PennDOT has decided it has veto power over the the ads on our highways, thwarting councilman’s crusade to reduce blight.


PennDOT now has control over you, Gary Barbera sign.

Just a couple weeks ago, Philadelphia City Council passed a bill that has huge implications for billboard haters and lovers alike.

The legislation by Councilman Bobby Henon was expected to add more digital billboards throughout the city, while simultaneously cutting back on the number of billboards overall. It would force any company that wants to convert a traditional sign into a digital sign to tear down two regular signs elsewhere.

But Henon said on Thursday that he is recalling the legislation, which was years in the making, because PennDOT went and bigfooted Philadelphia.

PennDOT announced last week that, effective immediately, it now has veto power over proposed billboards along state highways in Philadelphia. That includes Market and Broad streets.

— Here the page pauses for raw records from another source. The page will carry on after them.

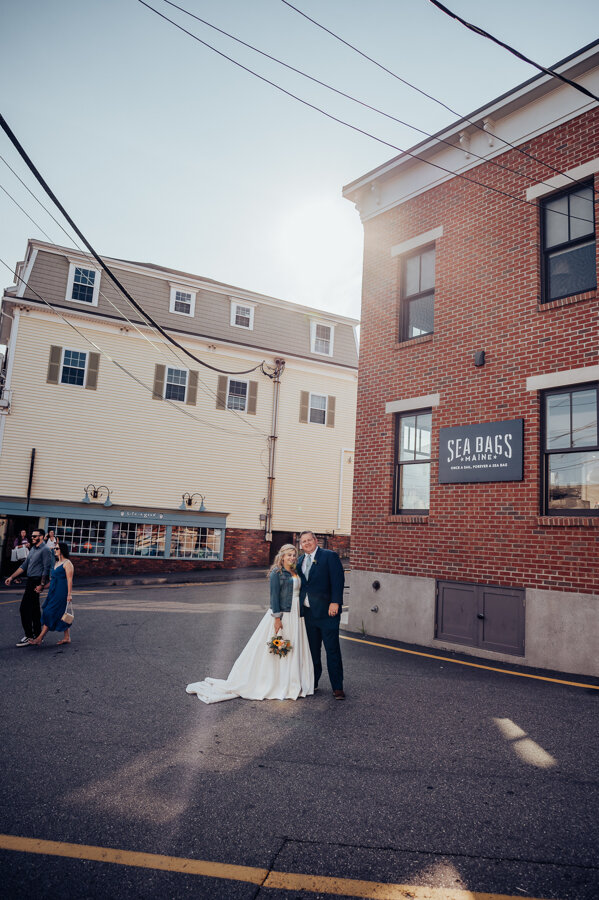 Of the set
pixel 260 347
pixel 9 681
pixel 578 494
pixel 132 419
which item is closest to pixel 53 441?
pixel 132 419

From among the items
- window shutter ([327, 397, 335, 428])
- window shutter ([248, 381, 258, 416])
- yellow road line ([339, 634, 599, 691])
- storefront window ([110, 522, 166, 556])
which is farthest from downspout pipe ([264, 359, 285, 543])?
yellow road line ([339, 634, 599, 691])

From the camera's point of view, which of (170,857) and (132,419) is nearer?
(170,857)

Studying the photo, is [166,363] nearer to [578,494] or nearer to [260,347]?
[260,347]

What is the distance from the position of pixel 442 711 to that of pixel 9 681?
5063 mm

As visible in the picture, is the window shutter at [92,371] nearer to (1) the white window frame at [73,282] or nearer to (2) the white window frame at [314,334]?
(1) the white window frame at [73,282]

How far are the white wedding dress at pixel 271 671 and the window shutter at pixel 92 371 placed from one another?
56.0 ft

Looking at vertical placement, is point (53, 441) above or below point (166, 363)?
below

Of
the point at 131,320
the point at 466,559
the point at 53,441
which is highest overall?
the point at 131,320

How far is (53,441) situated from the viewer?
2073 centimetres

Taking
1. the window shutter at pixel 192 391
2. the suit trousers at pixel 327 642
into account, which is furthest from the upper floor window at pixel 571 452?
the window shutter at pixel 192 391

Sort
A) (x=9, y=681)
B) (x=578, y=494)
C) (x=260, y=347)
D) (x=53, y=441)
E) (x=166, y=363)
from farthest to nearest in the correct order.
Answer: (x=260, y=347) < (x=166, y=363) < (x=53, y=441) < (x=578, y=494) < (x=9, y=681)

“It’s annoying to say the least,” says Henon. “My office has worked over three years trying to put together a foundation of sign controls on the outdoor advertising industry.”

Henon’s bill would have also put into effect new rules for digital billboards: It would place a limit on the brightness of the signs, and bar them from being erected within 500 feet of residential areas.

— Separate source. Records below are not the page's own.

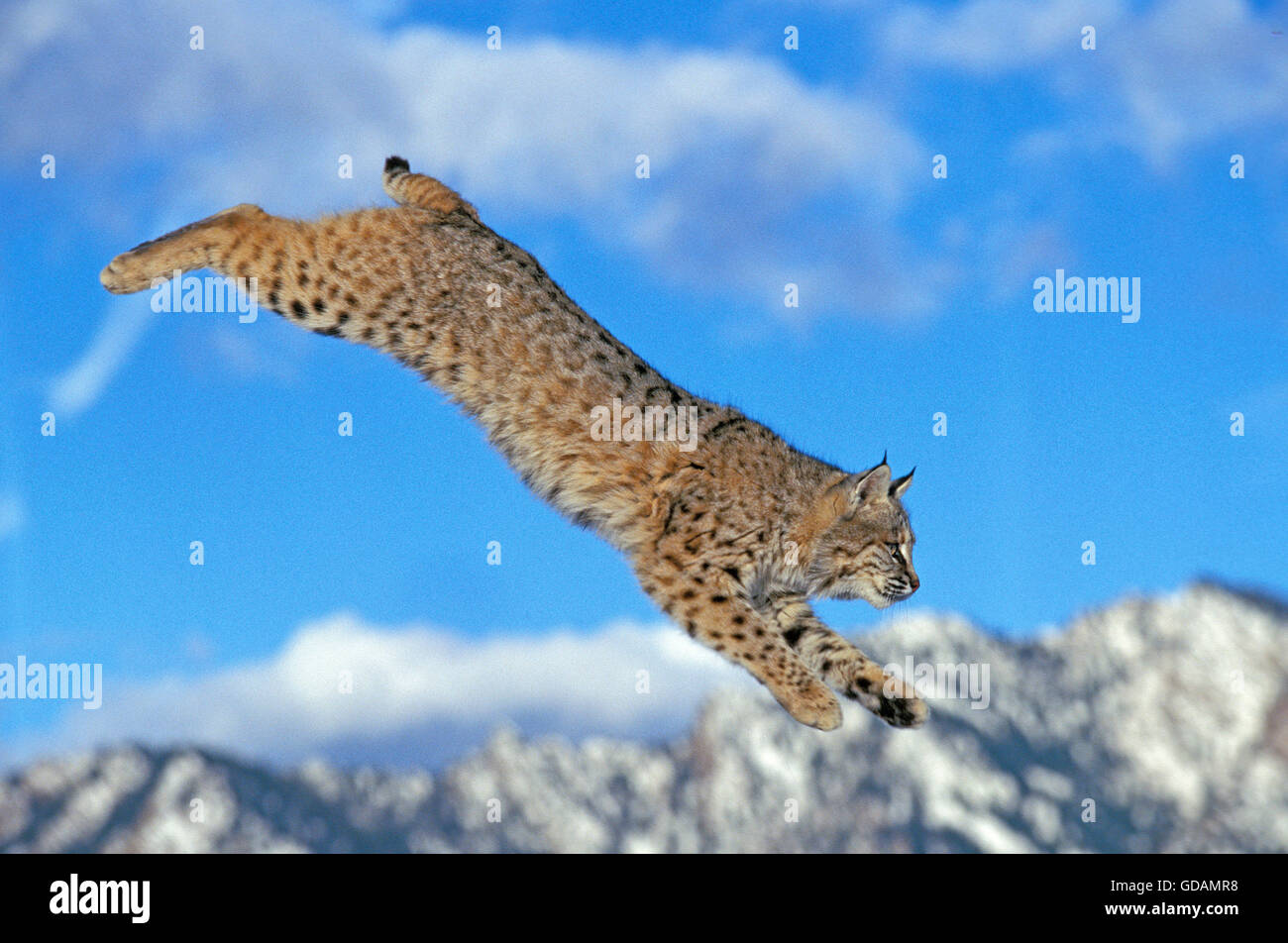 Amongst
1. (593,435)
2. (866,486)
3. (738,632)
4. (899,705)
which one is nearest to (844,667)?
(899,705)

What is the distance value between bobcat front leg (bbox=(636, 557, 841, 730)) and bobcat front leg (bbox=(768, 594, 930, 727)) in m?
0.65

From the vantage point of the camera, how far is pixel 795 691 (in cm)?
1246

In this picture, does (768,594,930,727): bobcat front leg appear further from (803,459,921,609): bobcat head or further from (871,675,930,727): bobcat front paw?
(803,459,921,609): bobcat head

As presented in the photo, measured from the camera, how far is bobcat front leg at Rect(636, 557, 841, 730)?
1241 cm

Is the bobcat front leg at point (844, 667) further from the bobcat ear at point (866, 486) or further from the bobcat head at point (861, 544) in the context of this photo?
the bobcat ear at point (866, 486)

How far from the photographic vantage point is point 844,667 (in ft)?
44.6

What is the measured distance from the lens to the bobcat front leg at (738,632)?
12.4m

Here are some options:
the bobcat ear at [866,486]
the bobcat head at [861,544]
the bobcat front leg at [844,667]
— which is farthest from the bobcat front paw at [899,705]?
the bobcat ear at [866,486]

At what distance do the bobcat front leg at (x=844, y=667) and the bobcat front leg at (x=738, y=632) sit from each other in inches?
25.6

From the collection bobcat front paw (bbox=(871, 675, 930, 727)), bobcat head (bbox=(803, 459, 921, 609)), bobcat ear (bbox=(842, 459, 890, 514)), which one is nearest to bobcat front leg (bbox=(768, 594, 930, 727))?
bobcat front paw (bbox=(871, 675, 930, 727))

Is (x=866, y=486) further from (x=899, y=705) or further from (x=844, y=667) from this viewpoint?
(x=899, y=705) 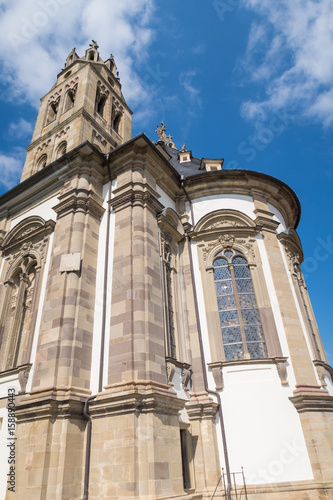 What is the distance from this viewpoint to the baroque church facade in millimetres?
8180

“We want to do it where it’s not intrusive to the communities,” says Henon, “and clean up some of the static signs that are cluttering up some of our neighborhoods.”

In the coming weeks, Henon says he will work with PennDOT to see if he can amend the bill in a way that is satisfactory to state officials.

“I wanted to recall it to see if there’s any technical changes that may meet what they’re looking for,” he says. “But we have no clue on what that means. This is unprecedented for the state to take back its authority for outdoor advertising.”

Mayor Michael Nutter returned the bill to City Council without his signature on Thursday. PennDOT did not immediately respond to a request for comment.